▶ _AIM OF THE EXERCISE_: Repeat precisely the span of lines below that opens with the line containing "ABS / čerpadla ABS TESLA ROADSTER" and closes with the line containing "Stripchat-Public.Show-c-Sexynageena-2025.03.08.192241", both included.

========

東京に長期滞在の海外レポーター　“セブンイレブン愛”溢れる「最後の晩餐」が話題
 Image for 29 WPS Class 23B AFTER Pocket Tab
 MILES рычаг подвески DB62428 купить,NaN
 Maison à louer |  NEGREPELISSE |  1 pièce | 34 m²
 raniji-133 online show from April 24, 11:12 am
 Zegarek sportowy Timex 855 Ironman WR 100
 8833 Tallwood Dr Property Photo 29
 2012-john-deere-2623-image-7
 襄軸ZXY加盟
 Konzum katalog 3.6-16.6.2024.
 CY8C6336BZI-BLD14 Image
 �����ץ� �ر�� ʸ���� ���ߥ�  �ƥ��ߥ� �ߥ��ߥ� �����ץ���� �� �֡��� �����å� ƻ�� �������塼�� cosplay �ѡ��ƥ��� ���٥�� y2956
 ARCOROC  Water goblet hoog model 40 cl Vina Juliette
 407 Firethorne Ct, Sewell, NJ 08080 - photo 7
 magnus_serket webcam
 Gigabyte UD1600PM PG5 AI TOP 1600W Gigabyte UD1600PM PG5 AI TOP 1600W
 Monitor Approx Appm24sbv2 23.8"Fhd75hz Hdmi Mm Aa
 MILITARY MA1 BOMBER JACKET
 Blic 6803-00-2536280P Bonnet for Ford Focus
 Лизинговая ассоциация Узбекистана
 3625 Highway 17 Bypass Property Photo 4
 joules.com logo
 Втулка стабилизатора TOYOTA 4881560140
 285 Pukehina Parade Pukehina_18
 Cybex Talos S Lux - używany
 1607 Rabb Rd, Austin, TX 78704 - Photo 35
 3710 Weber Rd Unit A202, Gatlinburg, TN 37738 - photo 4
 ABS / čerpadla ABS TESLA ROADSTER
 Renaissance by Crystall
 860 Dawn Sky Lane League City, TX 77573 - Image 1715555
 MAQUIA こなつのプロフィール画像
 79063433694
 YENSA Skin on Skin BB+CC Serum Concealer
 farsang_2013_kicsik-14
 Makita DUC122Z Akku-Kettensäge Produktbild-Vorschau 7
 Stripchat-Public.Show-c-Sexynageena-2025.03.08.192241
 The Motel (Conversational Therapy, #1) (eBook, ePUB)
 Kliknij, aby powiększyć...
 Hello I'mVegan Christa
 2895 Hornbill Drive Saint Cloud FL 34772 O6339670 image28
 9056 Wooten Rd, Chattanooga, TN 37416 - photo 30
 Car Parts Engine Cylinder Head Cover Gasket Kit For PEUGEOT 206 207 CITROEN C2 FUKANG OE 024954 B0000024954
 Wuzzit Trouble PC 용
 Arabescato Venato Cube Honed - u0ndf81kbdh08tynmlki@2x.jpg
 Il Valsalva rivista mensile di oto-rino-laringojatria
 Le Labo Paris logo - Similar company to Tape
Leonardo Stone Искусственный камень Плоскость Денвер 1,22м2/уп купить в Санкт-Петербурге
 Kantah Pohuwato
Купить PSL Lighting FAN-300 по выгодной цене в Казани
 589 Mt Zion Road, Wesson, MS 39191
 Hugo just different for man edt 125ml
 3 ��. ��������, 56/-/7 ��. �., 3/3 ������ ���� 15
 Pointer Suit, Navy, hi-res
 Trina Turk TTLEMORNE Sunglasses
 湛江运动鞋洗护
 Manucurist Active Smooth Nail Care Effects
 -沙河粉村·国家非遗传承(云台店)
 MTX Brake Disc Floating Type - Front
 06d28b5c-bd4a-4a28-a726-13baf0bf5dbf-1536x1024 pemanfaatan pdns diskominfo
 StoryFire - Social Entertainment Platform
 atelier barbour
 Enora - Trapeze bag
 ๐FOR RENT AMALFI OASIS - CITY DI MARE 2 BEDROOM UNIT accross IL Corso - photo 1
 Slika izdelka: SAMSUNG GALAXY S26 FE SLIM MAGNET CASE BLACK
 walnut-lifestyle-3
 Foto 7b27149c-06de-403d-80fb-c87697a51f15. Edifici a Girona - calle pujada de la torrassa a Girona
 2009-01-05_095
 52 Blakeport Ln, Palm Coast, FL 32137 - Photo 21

========

▶ _ANSWER TO THE PROBLEM_:
 ABS / čerpadla ABS TESLA ROADSTER
 Renaissance by Crystall
 860 Dawn Sky Lane League City, TX 77573 - Image 1715555
 MAQUIA こなつのプロフィール画像
 79063433694
 YENSA Skin on Skin BB+CC Serum Concealer
 farsang_2013_kicsik-14
 Makita DUC122Z Akku-Kettensäge Produktbild-Vorschau 7
 Stripchat-Public.Show-c-Sexynageena-2025.03.08.192241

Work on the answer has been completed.